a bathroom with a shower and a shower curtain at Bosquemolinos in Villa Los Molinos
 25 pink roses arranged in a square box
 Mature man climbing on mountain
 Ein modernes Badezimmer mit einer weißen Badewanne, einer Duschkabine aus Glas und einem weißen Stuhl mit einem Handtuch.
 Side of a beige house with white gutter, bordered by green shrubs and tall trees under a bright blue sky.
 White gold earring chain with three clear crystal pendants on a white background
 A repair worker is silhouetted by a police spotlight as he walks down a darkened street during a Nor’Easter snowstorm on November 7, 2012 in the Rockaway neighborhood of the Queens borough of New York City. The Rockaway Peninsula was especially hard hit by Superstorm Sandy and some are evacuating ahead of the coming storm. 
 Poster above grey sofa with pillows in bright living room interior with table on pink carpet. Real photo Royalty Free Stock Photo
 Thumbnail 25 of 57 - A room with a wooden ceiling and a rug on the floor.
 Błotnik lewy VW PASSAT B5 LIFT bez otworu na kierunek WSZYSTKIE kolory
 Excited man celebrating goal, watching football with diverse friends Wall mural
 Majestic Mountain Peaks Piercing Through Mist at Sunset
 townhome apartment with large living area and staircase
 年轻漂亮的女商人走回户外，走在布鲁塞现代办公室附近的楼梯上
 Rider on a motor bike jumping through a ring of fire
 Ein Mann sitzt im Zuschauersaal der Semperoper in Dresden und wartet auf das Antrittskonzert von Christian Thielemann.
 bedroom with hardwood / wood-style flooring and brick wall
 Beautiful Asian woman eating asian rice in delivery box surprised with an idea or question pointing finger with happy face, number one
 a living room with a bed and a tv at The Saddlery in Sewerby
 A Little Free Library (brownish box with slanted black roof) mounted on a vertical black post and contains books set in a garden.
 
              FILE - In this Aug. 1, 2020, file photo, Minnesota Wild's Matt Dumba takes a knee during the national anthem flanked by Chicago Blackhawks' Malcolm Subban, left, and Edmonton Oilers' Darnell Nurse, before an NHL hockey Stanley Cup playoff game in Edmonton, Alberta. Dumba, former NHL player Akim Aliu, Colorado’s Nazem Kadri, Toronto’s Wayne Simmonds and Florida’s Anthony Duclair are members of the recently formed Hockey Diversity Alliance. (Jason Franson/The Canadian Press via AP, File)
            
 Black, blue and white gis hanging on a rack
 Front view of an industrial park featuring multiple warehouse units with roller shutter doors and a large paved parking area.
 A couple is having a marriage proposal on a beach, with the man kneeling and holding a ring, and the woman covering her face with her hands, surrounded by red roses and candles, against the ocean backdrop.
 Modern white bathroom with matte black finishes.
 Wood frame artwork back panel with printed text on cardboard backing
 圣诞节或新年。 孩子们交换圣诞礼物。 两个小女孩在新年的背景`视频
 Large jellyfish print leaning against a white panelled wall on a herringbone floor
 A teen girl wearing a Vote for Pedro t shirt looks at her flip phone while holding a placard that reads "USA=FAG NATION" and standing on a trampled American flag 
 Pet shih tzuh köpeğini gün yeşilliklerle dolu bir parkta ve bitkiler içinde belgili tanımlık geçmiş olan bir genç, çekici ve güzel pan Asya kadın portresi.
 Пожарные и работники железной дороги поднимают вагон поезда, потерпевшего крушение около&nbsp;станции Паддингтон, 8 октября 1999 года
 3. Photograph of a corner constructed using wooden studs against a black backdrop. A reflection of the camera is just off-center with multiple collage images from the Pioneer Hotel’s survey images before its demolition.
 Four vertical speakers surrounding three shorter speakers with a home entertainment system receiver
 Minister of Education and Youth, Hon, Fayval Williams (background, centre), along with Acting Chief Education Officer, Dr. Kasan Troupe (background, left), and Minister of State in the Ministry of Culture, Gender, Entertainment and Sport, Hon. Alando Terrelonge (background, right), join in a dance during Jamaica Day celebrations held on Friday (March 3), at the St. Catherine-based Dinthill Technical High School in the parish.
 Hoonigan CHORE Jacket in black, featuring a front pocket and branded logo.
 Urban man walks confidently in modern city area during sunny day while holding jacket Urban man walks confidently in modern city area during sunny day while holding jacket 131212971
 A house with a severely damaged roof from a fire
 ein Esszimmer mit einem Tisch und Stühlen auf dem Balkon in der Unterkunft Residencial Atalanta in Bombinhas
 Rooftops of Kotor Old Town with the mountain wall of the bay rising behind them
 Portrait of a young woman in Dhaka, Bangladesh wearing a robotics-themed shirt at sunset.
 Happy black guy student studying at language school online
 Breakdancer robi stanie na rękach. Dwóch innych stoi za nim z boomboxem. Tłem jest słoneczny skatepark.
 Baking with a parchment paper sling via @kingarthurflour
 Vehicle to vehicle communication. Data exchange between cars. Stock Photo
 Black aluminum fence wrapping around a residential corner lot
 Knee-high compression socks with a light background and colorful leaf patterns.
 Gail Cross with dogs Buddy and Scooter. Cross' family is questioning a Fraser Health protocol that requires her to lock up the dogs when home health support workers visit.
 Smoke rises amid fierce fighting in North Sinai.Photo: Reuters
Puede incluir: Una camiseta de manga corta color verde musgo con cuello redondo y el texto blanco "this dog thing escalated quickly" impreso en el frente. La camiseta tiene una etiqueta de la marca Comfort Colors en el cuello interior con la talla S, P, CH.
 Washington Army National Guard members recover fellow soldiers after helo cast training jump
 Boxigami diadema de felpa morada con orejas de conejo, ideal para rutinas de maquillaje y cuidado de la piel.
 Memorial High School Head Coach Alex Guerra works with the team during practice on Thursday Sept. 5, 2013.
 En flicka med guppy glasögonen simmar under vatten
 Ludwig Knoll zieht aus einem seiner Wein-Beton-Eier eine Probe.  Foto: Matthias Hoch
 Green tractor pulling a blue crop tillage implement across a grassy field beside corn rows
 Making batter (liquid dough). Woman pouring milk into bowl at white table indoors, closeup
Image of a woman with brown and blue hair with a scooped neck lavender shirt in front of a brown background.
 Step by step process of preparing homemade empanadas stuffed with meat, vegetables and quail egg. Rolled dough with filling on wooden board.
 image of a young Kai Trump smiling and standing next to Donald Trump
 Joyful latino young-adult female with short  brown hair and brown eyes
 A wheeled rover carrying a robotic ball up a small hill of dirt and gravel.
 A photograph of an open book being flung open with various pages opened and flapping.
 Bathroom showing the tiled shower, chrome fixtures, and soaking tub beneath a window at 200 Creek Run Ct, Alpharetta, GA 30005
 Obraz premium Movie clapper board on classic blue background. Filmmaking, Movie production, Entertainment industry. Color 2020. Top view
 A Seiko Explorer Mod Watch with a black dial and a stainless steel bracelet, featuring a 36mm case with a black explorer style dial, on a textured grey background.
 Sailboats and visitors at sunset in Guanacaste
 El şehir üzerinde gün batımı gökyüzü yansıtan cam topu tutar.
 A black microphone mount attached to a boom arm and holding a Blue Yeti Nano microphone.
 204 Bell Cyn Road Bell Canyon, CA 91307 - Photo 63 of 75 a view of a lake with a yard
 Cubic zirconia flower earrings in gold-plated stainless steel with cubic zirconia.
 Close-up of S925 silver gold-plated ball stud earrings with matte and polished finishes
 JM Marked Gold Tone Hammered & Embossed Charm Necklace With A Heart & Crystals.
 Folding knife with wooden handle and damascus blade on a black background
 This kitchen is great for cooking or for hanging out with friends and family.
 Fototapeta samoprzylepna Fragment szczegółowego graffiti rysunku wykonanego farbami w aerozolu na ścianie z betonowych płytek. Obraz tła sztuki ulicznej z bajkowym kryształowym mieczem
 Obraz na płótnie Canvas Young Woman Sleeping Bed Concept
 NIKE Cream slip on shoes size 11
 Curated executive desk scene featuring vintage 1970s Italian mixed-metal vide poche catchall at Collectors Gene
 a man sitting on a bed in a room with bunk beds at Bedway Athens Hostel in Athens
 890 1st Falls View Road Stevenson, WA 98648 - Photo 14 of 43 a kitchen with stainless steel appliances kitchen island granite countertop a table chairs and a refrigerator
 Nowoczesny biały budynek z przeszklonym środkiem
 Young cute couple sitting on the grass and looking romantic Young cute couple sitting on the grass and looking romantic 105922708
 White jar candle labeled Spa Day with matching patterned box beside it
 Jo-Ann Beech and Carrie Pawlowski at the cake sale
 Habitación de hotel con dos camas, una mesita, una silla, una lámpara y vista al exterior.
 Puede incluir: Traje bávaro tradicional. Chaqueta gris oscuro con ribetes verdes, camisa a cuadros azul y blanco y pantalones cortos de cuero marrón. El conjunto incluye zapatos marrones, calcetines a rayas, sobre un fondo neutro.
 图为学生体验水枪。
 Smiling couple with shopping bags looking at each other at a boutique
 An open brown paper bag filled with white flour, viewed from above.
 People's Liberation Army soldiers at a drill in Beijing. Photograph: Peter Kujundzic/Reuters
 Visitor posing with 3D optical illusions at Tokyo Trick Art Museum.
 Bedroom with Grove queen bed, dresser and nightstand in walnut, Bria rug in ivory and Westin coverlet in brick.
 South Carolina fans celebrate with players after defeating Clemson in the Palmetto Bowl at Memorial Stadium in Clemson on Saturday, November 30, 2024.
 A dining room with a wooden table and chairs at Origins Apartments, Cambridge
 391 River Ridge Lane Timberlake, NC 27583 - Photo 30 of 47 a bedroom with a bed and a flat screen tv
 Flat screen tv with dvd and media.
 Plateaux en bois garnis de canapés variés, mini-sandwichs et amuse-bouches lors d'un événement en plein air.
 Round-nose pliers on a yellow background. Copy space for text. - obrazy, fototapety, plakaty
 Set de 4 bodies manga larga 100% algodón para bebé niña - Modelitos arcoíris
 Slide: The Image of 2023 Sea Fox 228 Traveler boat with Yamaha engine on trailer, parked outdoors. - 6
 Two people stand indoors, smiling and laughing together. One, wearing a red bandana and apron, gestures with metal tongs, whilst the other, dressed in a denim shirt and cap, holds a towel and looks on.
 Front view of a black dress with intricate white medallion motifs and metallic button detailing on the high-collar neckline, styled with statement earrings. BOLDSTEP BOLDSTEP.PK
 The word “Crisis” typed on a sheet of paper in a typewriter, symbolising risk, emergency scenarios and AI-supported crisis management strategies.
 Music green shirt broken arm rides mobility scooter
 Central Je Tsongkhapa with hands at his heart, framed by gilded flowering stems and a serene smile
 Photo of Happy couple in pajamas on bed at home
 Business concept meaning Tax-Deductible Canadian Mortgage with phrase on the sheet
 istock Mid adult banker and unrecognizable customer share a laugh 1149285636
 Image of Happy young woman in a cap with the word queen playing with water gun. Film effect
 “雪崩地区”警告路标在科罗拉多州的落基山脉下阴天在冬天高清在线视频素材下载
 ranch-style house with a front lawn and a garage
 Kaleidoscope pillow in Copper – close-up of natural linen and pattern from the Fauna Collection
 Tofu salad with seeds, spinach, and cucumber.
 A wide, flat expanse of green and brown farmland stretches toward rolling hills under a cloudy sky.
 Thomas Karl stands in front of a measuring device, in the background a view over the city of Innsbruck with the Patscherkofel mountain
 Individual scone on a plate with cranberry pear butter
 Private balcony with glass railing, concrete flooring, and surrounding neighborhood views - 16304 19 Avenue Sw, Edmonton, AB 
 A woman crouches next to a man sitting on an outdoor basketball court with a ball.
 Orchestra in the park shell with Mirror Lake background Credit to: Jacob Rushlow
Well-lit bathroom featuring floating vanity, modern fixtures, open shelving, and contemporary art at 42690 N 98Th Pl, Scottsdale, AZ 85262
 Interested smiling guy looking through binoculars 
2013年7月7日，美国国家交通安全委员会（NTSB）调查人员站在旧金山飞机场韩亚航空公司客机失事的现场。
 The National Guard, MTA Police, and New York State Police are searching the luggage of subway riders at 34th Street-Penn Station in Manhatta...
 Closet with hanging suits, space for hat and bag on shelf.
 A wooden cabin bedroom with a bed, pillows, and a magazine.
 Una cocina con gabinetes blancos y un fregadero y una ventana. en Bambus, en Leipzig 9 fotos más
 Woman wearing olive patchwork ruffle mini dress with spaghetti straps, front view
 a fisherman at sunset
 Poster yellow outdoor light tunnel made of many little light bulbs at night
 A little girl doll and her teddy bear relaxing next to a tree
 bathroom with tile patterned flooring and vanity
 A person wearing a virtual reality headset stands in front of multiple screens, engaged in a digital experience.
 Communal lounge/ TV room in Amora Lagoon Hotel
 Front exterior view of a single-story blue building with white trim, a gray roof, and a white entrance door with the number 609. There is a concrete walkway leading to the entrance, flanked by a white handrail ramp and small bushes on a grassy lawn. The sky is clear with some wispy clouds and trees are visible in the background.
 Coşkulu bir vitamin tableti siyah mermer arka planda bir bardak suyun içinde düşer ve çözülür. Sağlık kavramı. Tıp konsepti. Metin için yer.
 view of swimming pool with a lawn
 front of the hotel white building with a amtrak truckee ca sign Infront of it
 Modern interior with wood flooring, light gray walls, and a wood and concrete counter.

» REQUIREMENT:
Please state how many lines in the entries above include the word "kitchen", giving only the number.

» EXERCISE SOLUTION:
2